“No,” he said at last, “if my marriage is to go on, it must be on a basis of truth. I can't go back to Mary and act and live a lie. If she will have me back, she must know I've made some sacrifice to come, I'll go, if she says so, because I care for her, but I can't go as a faithful, loving husband—it would be too grotesque.”
“Consider her health, my friend,” implored Adolph, still with his bewildered, shocked air; “it might kill her!”
“Can't! She's as strong as a horse—she can face the truth like a man.”
“Then think of the other woman; you must protect her.”
“Pshaw! she doesn't need protection! You don't know Felicity; she'd be just as likely as not to tell Mary herself.”
“I always thought you so honorable, so generous,” Adolph murmured, dejectedly.
“Oh, cut it, Adolph. I'm being as honorable and generous as I know how. I'll write to Mary now, and offer to come back if she says the word, and never see Felicity again. I can't do more.”
He flung himself down at the desk, and snatched a pen.
“My dearest girl:” he wrote rapidly, “your brave letter has
come to me, and I can answer it only with the truth. All that
you feared when you heard of F.'s being with me is true. I
found her here two months ago, and we have been together
most of the time since. It was not planned, Mary; it came to
me wholly unexpectedly, when I thought myself cured of love.
I care for you, my dear, I believe you the noblest and most
beautiful of women, but from F. I have had something which
a woman of your kind could never give, and in spite of the
pain I feel for your grief, I cannot say with truth that I regret
it. There are things—in life and love of which you, my
beautiful and clear-eyed Goddess, can know nothing—there is
a wild grape, the juice of which you will never drink, but which
once tasted, must ever be desired. Because this draught is so
different from your own milk and honey, because it leaves my
tenderness for you all untouched, because drinking it has assuaged
a thirst of which you can have no knowledge, I ask you
not to judge it with high Olympian judgment.

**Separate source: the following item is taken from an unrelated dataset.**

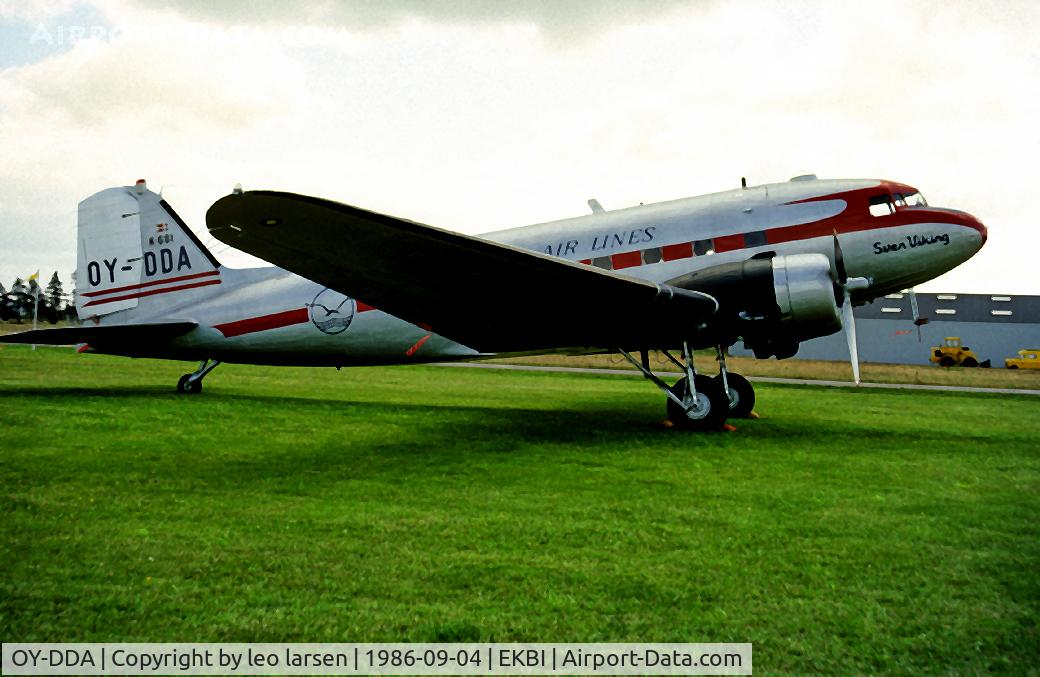 OY-DDA, 1941 Douglas C-47A Skytrain C/N 9664, Billund Denmark 4.9.86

I ask you
to forgive me, Mary, for I love you still—better now than when
I left you—and I hold you above all women. The cup is still
at my lips, but if you will grant me forgiveness I will drink
no more. I agonize over your grief—if you will let me I will
return and try to assuage it. Write me, Mary, and if the word
is forgive, for your sake I will bid my friend farewell now and
forever. I am still your husband if you will have me—there
is no woman I would serve but you.
“Stefan.”
He signed his name in a dashing scrawl, blotted and folded the letter without rereading it, addressed and stamped it, and sprang hatless down the stairs to post it.